批判的な評価、つまり否定的なものの捉え方は近代のヨーロッパに生まれて以来今日まで、私たちの生き方の基本です。ということは、私たちはポジティブということ、ボジティブに考えるこ、ポジティブに受け止め生きることというのをあまり知らない人間なんだと言えるわけです。

改めてこのことに気づくと、ゾッとするくらい恐ろしいことです。

ネガティブ漬けの世界を生きているのです。聞こえは悪いですが、これが私たちの現実です。私たちはいつも、知らず知らずのうちに、オブラートに包まれていますが、否定的なんです。その中で頑張ってポジティブを装うのです。

そこから抜け出したいものです。

 

そんなことを考えていた去年、六本木の森美術館で葛飾北斎展がありました。その展覧会のおかげで私はひと回り大きく葛飾北斎という芸術家を捉えられる様になりました。

発見の一つは、北斎という人はなんでもした人だったんです。こういうところはつい見落としてしまいがちです。有名な作品だけが一人走りしてしまいますから。でもそれだけを作っていたんではなく、地図や買い物袋の様なものまで作っていたんです。

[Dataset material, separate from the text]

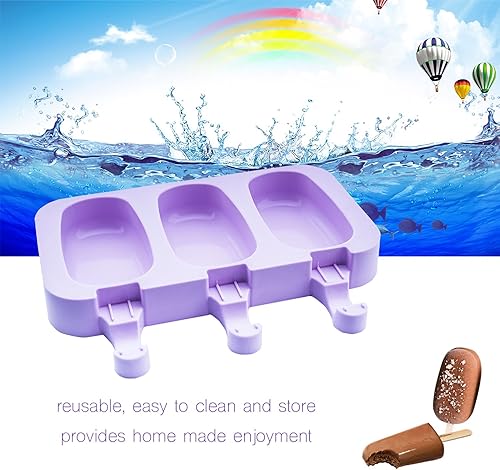 Miniatura 3 de beicemania Molde ovalado de silicona para paletas de hielo con palillos de madera para hacer paletas de hielo, color violeta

創作を楽しんでいた様子が伝わって来ました。

これって芸術という枠を作者が作ってしまったらできないことです。この枠を作るというのがポジティブに生きるということの間反対なのです。

そもそも三十六枚も(裏と呼ばれるものが他に十枚あるので、全部合わせると四十六枚)富士山を描き続けられるというのはどういうエネルギーからなのかと思うのですが、それがポジティブにつながるものであることは確かです。

芸術的創造はポジティブな力からしか生まれないものです。

私たちの生き方が、心のあり方が芸術に向かえば、自ずとポジティブな流れに組み込まれます。

一時期「自分探し」という言葉があっちこっちで聞かれました。

私には自分を枠に入れる作業をする様に取れるのですが・・・。

そんなことよりもっと、芸術的な生き方をすることで枠を外してポジティブに生きることを目指したらいいのではないか、なんでもいいから創作したらいいのではないか、そんな気がします。